A new definition of 'they' was among 530 new words added to the publisher's online dictionary.
The oldest dictionary publisher in the US has officially recognised the singular use of 'they' as a pronoun for people who identify as non-binary.
On Tuesday, Merriam-Webster announced they would be adding more than 530 new words to their online dictionary, including the definition for 'they'.
"Used to refer to a single person whose gender identity is nonbinary," the entry reads.
The term has become increasingly popular in recent years as a pronoun for people who identify as gender diverse or outside the male and female binary.
In the dictionary entry, the word is used in an example sentence: "I knew certain things about … the person I was interviewing. … They had adopted their gender-neutral name a few years ago, when they began to consciously identify as nonbinary — that is, neither male nor female.
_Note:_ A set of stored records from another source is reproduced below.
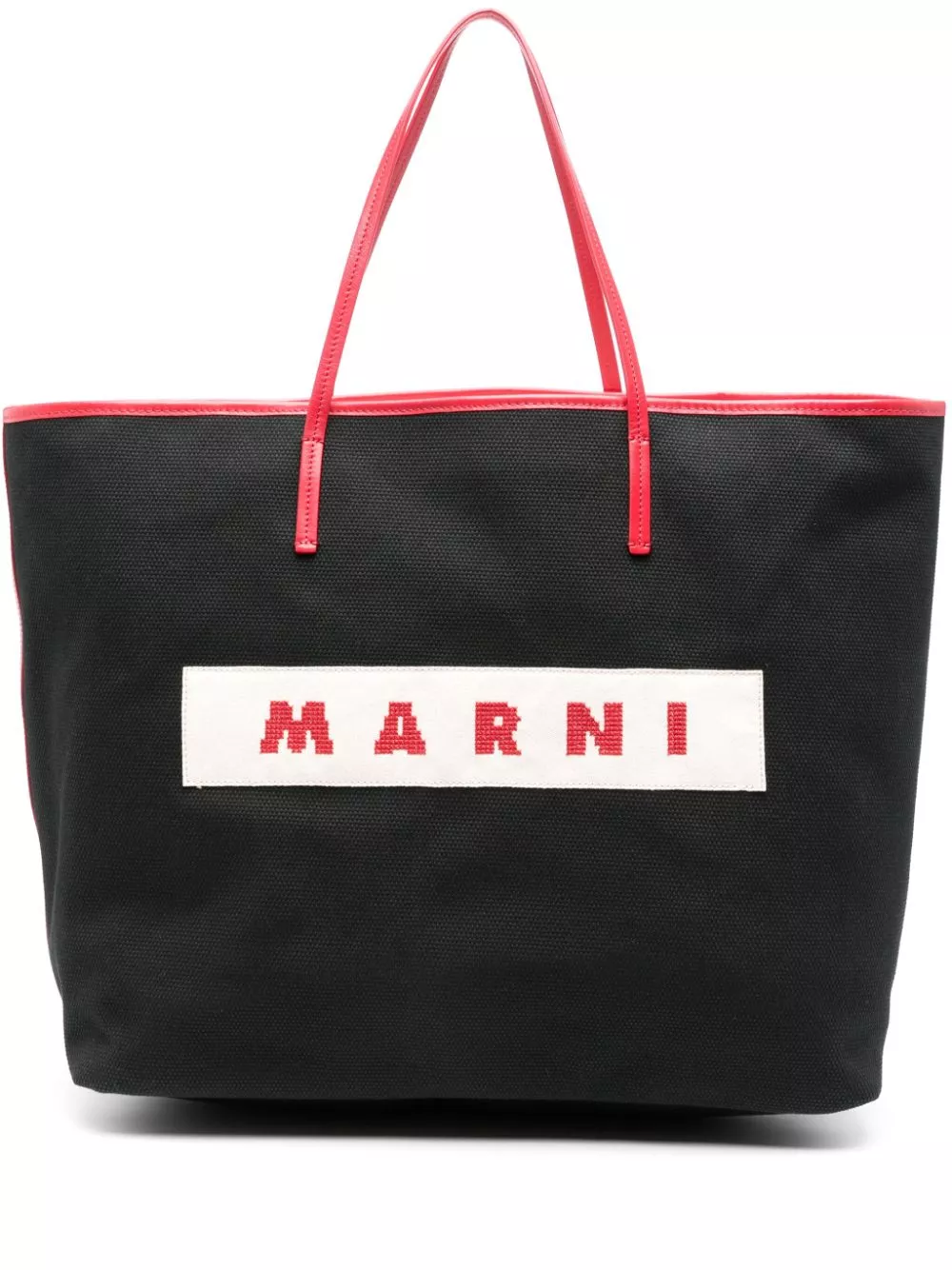 Cheap Marni logo-patch canvas tote bag Women 0202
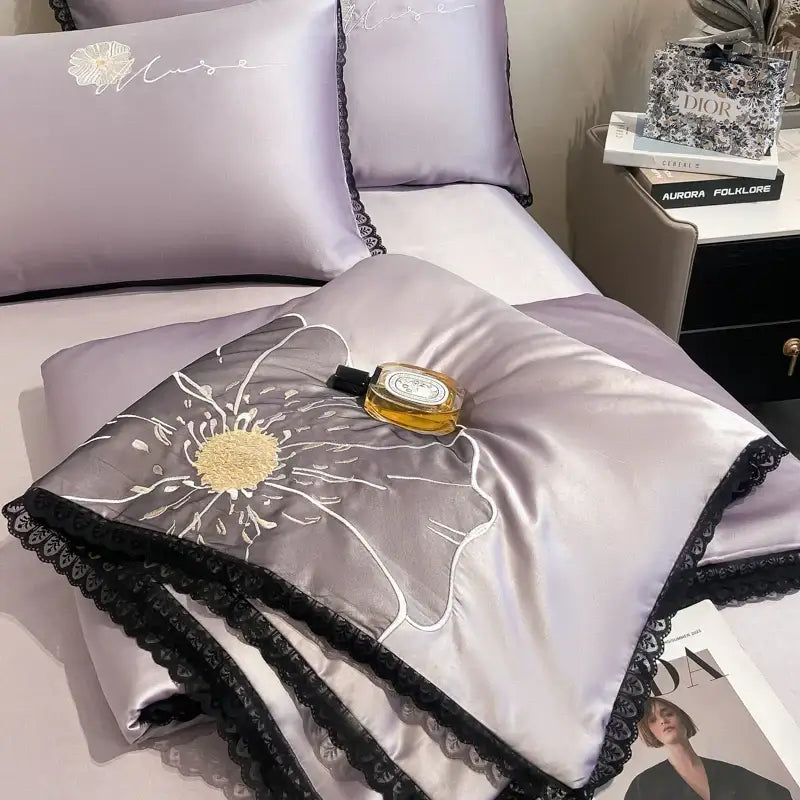 DecorBites™ Luxe Flower Embroidered Cool Quilt Set - Lightweight, Silky, High-End Comfort
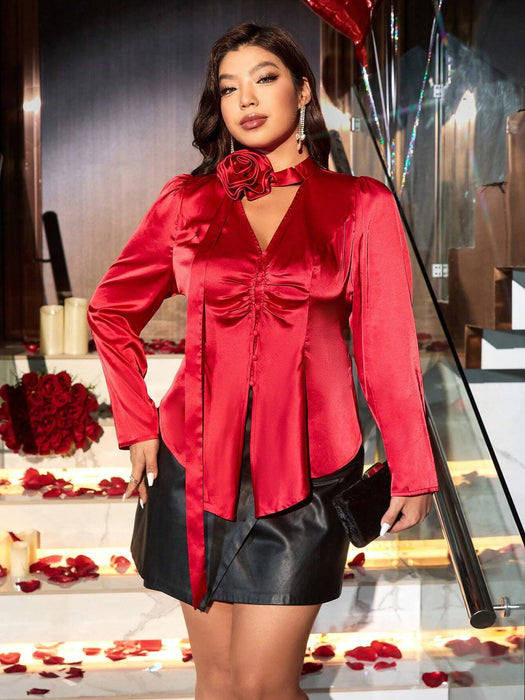 SHEIN elegante de trabajo con cintura ajustada, cuello plisado, lazo floral, elástica, para mujer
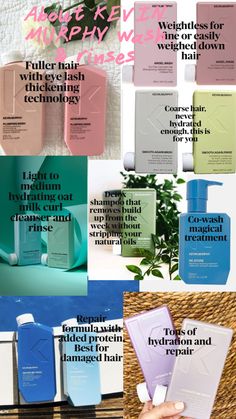 This is a bit of a break down of some of his most popular shampoos and conditioner. I have most my clients using Kevin Murphy so I thought I’d break them down a bit. Kevin Murphy Products, Kevin Murphy Hair Products, Hair Rinse, Kevin Murphy, Fuller Hair, Blue Bunny, Coarse Hair, Shampoos, Beach Hair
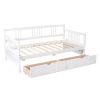 Twin Size Daybed Wood Bed with Two Drawers,White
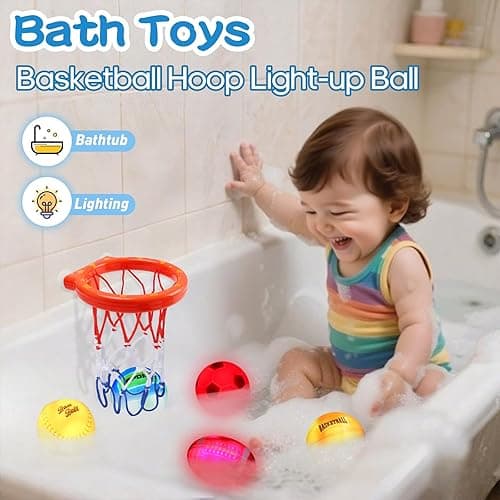 Light Up Bath Toys, Bathtub Basketball Hoop for Kids 1-3, Toddler Pool Water Table Toys 6-12-18 Months, Sensory Toys for Tub Pool Swimming Shower, Baby Bathtime Gifts for Newborn Boy Girl Birthday thumbnail 3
They were in their late 20s, working as an event planner, applying to graduate school."
In response to questions on whether 'they', 'their' and 'them' can be used as a singular pronoun, Merriam-Webster said their use as pronouns of indefinite gender have been "well established in speech and writing, even in literary and formal contexts".
The new use for 'they' was added alongside a long list of new words, including the Bechdel test (referring to a criteria used to evaluate movies for their inclusion of women), deep state (an alleged secret governmental network), fatberg (a large mass of fat and solid waste that collects in sewers) and escape room (a game in which people are confined to an areas and given a set amount of time to escape).
A new definition for the word inclusive was also added: “allowing and accommodating people who have historically been excluded (as because of their race, gender, sexuality, or ability).”